About permanent settlement on Mars - wouldn't weak gravity be a major obstacle for creating it? I read somewhere that people who spend long time on space stations, like a year or so, had serious health complications. And that were trained professionals. Imagine now people spending decades, or even born on Mars. Other problems are at least technically solvable, we can bring supplies, shield the base from radiation, etc., but what we can do with near weightlessness?
Yeah it's the #1 problem in my opinion. You hit the nail on the head - everything else is a 'solved' problem more or less in that they mostly just take money and willpower to overcome. Reduced gravity is another thing altogether. We have a bit* of data on weightlessness and a ton of gravity on 1 g but no data on .3 g. We really have no idea how bad it will be long term - especially for babies born there. The ISS was intended to have a centrifuge lab to test this stuff in animal models but it was cancelled. There are no plans that I know of for <1 g test labs in orbit so likely the first data we'll get will be when people start going over there which is bad.
In science fiction they often get around this through drugs or one-person centrifuges that people use daily to strengthen their bones but who knows if that will be sufficient. Also, the trip out to Mars doesn't have to be super long and people can cope with a few months of weightlessness. But for some trajectories you're talking 9+ months of one-way travel which would be pretty detrimental.
*Despite decades of spaceflight, the vast majority of our astronauts have spent less than a month in space each and there have only been a few hundred astronauts in total. Thus the data set is so laughably small and incomplete that its hard to draw a lot of conclusions from it. There are a lot of things we do know but without more data I don't think we can make a lot of definitive statements on the long term effects of <1 g other than it's generally bad for your body.
I think that health problems would come mainly from radiation. Low gravity is not very problematic as long as there is some. Problem is zero gravity.
Like I said above, we actually have 0 data to draw the conclusion that low gravity is fine. Given that only a dozen astronauts have experienced less than 1 g on the Moon (and only for 2-3 days at max), we really don't know anything about what it would do to our bodies.
Only 1000??? So 3-4 heavy launches? So ,the cost of 3-4 big airliners o a bunch of fighters?Inconceivable. We should have cities in Titan already.

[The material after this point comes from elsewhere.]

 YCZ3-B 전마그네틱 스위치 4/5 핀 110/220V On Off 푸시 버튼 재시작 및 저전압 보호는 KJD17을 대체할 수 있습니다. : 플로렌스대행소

Well that's why it's a WAG. I'm also looking at the problem from a minimum viable product viewpoint - so I'm trying to think of the minimum mass it would take to set up 3 or 4 people to live on Mars indefinitely. If you are interested in a bigger population then let me know and I'll adjust. But here's the partial set of assumptions I'm working from -
I'm thinking of an initial colony of just 3 or 4 people that could live indefinitely. The colony could grow slowly after the initial set up phase but the colony would self sufficient such that those initial people don't need anything else from Earth to live and so long as the transfer rate of new colonists is slow, they can continually add capacity to the colony through sourcing of local materials to allow for slow, controlled growth through immigration and organically. Most of the stuff they will bring will be excavation equipment and the vast majority of their raw material inputs will have to come from Mars itself. I'm also assuming they land in a relatively rich area with easily-accessible subsurface water and useful mineral deposits. Also, every piece of equipment they will bring will be mass-optimized, so I'm assuming a ~50% across the board cut to the mass of things like excavators.